GENEVA - The World Meteorological Organization (WMO) says the world's leading weather stations confirm the Earth has just had the warmest June on record, since record keeping began in 1880.
Meteorologists say nine of the 10 warmest Junes on record have occurred since 2010. The 10th record-holder was in June 1998. WMO says last month's record-breaking temperatures were felt across the globe. It says no land or ocean areas have recorded cold temperatures in June.
But WMO spokeswoman Claire Nullis says temperatures are only part of the story.
"June saw the second-smallest Arctic sea ice extent for the month on record and the lowest Antarctic sea ice extent," she said. "… There is a lot of concern this week about fires in Greenland as part of the unusual spike in Arctic blazes."
Nullis notes Alert, Canada, the northernmost settlement on Earth, reached a high of 21 degrees Celsius (70 degrees Fahrenheit) for the first time in history a few days ago.
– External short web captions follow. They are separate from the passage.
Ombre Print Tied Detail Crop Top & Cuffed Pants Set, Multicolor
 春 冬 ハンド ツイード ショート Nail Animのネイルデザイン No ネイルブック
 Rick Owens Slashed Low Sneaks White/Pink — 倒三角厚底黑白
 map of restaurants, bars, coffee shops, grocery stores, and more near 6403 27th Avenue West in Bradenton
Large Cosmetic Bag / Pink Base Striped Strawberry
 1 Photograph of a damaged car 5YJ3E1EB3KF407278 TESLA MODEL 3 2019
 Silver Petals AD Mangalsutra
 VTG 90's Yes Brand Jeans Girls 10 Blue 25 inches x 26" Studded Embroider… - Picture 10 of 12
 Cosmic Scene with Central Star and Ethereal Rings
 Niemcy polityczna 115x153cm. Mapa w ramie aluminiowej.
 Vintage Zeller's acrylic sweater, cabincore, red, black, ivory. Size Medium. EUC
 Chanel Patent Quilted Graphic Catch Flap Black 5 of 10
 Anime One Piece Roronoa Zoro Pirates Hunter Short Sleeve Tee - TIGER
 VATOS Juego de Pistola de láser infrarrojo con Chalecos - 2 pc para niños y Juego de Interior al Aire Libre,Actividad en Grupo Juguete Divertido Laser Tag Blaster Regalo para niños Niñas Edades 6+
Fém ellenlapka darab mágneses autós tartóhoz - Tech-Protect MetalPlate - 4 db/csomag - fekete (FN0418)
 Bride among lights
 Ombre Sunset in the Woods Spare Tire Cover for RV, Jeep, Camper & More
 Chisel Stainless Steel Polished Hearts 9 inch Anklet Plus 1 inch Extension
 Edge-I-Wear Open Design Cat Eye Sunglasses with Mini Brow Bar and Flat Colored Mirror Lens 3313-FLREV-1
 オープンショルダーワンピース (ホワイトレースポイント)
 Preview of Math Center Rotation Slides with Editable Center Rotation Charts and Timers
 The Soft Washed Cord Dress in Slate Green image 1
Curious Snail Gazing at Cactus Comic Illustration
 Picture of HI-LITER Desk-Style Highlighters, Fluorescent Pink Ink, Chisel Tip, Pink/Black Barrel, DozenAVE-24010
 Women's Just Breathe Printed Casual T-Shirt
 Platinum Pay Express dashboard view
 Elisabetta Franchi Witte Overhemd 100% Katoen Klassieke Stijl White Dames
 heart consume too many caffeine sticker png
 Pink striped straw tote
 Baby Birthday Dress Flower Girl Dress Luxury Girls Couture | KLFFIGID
And now, she says the U.S. National Weather Service is issuing warnings about dangerous heat and humidity through this weekend in two-thirds of the United States.
Nullis says the heat wave will affect millions of people from the Great Plains to the East Coast. She says temperatures of 38 to 43 degrees Celsius are expected.
"Twenty to 30 record high temperatures are expected and no relief at night is expected," she said. "Again, the National Weather Service is predicting that about 123 minimum overnight temperature records may be tied or broken."
Scientists say heatwaves such as the one Earth is currently experiencing are consistent with climate scenarios. They predict more frequent, drawn out and intense heat events as greenhouse gas concentrations lead to a rise in global temperatures.